Another Silicon Valley startup with a slightly different flavor is Kaggle. The company started as a data science competition company, providing a platform for connecting thousands of data science practitioners to companies through data science competitions. This approach enabled companies to find solutions to difficult predictive modeling problems by utilizing a huge network of experts, sometimes from totally unrelated fields. Kaggle also focused a few verticals, including oil and gas, as they realized that oil and gas can gain significantly from machine learning. They focus on shale plays, using geological data to predict the best acreage to lease and to drill.
Tachyus is a relatively new startup based out of Silicon Valley primarily focused on oil and gas. They have pioneered a new modeling paradigm called “data-physics.” Data-physics is the amalgamation of the state-of-the-art in machine learning/data science and the same underlying physics present in reservoir simulators, leading to the creation of predictive models that alleviate issues with traditional modeling approaches. These models can be created as machine learning models to evaluate orders of magnitude faster than full-scale simulation models to improve long-term predictive capacity. As such, data-physics models bridge the gap between data science and traditional reservoir modeling and enable closed-loop reservoir management.
Back in 2011, when Texas-based oil and gas service firm Baker Hughes opened its Palo Alto Innovation Center, machine learning was not really on the radar of most industry players. Last year, Baker Hughes rolled out software that, among other things, analyzes conditions around electric submersible pumps helping lift oil out of wells and alerts well operators in advance of a potential problem. The software crunches data on historical pump performance and other variables, such as mud pressure and temperature. Additionally, Schlumberger Software Technology Innovation Center in Silicon Valley targets a wide array of software solutions that includes big data analytics.
Conglomerates like GE and IBM have also started data science efforts in oil and gas. For example, GE is working in partnership with BP to ensure the efficient operation of critical rotating machinery found on BP’s production facilities. By analyzing sensor data such as vibration, rotor position, temperature, pressure flow, and other parameters, GE is able to identify changes in the operating condition of the machine or determine that the machine is no longer performing at its optimal capacity. Identifying the early onset of abnormal operating conditions minimizes disruption and avoids unnecessary periods of down time that often result in lost production or increased costs.

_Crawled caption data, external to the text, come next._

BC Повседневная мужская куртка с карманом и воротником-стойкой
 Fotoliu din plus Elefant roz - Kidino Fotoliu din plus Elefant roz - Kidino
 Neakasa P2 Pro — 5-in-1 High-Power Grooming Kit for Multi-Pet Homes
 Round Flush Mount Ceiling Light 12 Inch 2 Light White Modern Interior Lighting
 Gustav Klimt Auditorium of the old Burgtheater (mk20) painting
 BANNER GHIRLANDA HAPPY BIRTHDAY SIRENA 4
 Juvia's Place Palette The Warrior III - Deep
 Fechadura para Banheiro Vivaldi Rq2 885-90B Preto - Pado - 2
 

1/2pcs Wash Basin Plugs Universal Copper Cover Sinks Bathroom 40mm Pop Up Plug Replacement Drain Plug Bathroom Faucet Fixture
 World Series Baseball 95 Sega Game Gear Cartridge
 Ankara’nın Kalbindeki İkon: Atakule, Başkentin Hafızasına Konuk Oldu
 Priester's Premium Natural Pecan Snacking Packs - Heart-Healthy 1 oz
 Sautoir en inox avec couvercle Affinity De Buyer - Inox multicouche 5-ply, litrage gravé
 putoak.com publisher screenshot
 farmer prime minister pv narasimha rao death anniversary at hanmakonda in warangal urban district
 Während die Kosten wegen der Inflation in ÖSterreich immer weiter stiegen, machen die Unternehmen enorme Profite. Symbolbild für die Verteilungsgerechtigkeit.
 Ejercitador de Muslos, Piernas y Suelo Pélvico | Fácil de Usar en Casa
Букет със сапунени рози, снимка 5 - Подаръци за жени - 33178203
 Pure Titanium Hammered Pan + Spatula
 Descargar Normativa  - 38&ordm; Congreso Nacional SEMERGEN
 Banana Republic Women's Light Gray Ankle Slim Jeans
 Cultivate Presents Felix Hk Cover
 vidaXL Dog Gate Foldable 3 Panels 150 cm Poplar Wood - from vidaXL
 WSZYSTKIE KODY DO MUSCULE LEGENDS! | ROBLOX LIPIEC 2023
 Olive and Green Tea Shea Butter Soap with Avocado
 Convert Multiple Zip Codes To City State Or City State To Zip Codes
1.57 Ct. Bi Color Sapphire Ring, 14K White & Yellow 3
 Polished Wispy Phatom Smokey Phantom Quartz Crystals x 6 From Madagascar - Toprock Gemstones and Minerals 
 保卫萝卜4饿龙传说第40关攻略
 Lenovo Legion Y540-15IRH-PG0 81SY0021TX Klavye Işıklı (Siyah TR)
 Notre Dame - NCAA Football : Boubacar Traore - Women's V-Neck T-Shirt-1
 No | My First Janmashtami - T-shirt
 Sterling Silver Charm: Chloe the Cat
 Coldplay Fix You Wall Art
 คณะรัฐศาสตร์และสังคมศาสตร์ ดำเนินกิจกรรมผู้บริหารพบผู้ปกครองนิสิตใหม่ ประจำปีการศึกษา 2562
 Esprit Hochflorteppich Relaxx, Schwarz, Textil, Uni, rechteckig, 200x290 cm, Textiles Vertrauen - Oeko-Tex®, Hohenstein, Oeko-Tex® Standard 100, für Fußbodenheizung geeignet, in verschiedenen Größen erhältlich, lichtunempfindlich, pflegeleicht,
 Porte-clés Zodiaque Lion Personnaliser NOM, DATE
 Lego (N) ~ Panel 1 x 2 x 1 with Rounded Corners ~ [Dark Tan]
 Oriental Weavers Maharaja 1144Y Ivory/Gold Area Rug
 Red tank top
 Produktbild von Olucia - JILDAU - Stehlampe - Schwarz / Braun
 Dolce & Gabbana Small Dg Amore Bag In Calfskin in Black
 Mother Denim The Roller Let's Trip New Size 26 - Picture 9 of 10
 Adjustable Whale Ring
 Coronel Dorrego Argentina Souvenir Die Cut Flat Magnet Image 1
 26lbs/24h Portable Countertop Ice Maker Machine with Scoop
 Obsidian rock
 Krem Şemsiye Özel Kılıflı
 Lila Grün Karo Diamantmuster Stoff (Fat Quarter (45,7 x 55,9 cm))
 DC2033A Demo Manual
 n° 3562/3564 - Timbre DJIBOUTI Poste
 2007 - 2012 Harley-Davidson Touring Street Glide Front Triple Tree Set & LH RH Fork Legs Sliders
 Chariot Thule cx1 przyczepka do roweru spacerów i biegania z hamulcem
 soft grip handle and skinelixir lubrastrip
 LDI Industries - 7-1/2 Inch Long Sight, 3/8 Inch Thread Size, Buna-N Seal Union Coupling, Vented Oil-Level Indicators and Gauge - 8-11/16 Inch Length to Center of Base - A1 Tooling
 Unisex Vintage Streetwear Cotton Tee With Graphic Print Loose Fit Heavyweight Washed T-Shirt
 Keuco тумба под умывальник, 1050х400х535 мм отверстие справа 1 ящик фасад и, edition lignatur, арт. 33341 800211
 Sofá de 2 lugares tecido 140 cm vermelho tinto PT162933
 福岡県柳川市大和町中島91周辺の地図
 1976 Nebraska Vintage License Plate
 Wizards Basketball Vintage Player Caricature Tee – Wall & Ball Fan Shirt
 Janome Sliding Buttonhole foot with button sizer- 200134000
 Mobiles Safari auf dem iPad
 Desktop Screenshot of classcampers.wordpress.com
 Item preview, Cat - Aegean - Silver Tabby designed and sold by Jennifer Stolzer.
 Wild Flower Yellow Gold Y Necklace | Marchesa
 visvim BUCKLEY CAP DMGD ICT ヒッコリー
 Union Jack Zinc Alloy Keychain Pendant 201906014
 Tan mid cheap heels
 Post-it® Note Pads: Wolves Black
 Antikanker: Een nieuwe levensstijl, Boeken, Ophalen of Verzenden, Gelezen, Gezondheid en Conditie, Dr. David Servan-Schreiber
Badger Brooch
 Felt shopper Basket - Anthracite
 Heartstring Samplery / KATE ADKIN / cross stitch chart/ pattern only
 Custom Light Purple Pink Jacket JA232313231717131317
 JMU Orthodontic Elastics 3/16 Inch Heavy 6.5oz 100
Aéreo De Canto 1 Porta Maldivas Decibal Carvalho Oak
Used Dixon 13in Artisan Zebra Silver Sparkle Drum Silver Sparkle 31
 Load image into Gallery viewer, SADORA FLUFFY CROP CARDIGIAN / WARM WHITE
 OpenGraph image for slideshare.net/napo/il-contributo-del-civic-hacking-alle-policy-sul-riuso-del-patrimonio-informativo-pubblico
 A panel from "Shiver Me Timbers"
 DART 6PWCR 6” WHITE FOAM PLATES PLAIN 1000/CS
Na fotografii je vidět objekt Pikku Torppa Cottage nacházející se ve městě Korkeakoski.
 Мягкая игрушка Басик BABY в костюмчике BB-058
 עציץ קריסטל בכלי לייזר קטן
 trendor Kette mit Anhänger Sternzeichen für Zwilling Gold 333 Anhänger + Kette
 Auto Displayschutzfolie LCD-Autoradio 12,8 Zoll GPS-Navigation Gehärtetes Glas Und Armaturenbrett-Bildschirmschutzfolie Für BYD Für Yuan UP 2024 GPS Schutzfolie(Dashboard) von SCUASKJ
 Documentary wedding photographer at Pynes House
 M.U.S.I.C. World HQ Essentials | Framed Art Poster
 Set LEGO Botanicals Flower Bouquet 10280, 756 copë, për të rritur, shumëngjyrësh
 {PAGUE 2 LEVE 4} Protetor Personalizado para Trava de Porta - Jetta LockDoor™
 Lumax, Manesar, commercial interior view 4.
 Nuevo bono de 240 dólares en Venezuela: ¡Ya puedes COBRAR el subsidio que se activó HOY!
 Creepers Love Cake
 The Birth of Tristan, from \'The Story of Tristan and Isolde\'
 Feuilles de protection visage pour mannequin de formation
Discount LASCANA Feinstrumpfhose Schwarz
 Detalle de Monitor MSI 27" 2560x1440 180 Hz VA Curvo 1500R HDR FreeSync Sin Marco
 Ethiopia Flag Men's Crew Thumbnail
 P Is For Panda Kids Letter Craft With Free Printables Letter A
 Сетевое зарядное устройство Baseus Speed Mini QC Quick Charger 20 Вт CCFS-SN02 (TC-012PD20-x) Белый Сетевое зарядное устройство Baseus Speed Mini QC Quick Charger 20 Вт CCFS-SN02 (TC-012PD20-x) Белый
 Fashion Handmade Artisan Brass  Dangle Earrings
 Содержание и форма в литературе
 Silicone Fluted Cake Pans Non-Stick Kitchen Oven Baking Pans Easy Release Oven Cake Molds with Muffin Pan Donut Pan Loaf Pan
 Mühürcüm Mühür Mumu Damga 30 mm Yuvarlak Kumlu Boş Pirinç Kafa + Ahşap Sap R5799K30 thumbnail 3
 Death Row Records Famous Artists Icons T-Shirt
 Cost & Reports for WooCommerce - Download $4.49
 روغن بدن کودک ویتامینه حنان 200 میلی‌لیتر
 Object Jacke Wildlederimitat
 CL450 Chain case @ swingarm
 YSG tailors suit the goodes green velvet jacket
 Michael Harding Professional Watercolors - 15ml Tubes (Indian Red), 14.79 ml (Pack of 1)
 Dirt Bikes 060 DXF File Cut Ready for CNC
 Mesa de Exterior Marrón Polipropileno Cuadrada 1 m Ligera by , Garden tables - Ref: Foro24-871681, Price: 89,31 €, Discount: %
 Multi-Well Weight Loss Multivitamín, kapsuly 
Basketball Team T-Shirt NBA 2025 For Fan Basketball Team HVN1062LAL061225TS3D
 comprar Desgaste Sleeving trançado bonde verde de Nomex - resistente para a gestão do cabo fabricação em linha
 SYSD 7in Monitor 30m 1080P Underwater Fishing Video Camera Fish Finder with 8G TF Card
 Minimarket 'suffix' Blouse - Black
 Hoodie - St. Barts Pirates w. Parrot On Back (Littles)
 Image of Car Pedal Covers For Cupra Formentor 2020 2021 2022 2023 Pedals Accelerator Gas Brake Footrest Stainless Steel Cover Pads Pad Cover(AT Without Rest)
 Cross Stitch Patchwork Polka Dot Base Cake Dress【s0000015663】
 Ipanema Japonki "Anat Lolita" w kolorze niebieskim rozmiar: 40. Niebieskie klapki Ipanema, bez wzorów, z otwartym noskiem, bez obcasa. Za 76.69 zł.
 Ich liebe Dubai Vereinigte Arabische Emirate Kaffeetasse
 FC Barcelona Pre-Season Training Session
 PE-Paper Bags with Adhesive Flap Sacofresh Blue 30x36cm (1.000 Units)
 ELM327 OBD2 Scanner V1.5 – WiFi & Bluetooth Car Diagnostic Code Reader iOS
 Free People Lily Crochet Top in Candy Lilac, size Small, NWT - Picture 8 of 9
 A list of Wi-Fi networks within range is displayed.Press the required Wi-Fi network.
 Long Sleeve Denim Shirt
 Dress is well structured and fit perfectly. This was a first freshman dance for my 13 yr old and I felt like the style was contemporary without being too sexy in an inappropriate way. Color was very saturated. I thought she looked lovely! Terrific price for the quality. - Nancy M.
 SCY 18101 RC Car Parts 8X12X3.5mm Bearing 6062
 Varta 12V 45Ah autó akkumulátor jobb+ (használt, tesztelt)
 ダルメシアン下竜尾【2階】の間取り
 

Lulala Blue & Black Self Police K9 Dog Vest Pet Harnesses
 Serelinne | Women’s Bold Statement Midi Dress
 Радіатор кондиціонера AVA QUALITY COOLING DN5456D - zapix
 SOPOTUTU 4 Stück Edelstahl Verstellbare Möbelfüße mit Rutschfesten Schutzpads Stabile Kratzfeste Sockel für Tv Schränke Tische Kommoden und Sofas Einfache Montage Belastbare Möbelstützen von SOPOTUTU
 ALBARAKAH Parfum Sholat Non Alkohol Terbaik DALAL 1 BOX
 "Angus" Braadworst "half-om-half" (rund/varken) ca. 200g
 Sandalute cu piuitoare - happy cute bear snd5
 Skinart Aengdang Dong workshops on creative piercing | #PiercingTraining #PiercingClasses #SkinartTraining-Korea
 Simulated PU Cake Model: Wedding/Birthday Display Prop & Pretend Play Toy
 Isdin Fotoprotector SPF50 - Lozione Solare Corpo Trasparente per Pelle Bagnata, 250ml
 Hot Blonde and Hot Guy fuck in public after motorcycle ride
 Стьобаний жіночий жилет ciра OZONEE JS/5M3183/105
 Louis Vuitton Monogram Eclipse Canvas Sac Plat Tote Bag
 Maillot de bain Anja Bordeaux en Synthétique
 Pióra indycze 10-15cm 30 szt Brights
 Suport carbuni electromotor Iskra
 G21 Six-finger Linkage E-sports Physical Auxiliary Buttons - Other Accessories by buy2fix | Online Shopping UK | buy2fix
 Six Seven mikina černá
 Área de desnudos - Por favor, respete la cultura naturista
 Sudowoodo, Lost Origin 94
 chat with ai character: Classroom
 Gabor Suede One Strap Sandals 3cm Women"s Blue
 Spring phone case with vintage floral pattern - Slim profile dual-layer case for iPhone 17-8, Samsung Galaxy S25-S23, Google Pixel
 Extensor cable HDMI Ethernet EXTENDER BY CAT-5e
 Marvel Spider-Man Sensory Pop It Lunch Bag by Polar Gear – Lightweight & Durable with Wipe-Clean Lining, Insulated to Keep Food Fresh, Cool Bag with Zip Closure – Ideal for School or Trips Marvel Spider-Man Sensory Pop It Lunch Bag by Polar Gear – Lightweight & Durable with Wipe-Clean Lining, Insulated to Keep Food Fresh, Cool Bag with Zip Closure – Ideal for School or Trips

While it is always difficult to predict the future (no pun intended), it is abundantly clear that data science in oil and gas is here to stay. For young professionals in this industry dealing with data, it is prudent to add a data science skill set, as such skills with enable them to make better, faster decisions, broaden their career choices, and ultimately improve the company’s bottom line. And never has acquiring such skill sets been easier, with companies like Coursera and Udacity providing online “nano-degrees” in data science, and prestigious universities like Stanford opening up courses in data science to the masses online. So it is up to you to take advantage of this opportunity, or get lost in the sea of change.